TASK
Copy word for word the lines in the records below, starting at the line with "4 Vintage Mexican Dance Masks" and ending at the line with "Artist Paint Brushes Flat and Point. 4pc". Skip the pictures.

INPUT MATERIAL
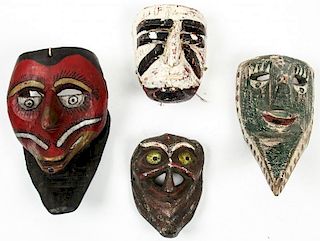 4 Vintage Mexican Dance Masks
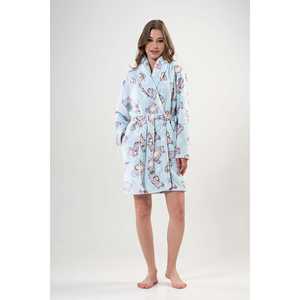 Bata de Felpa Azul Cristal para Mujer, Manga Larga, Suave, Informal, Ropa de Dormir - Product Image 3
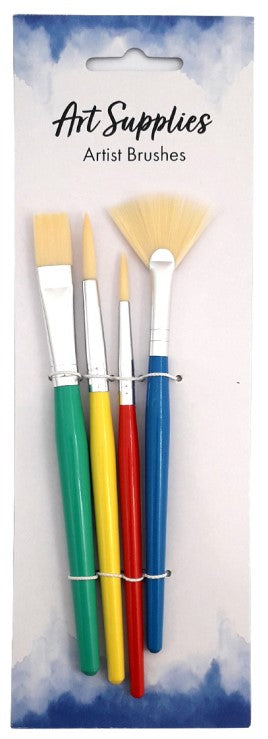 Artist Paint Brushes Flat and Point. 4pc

--

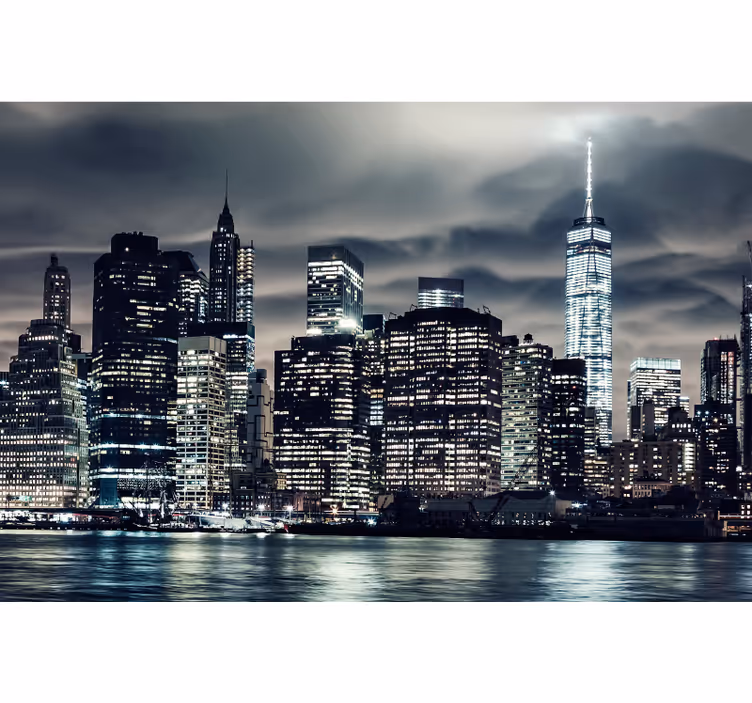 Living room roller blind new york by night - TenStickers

SOLUTION TO THIS EXERCISE
 4 Vintage Mexican Dance Masks
 Bata de Felpa Azul Cristal para Mujer, Manga Larga, Suave, Informal, Ropa de Dormir - Product Image 3
 Artist Paint Brushes Flat and Point. 4pc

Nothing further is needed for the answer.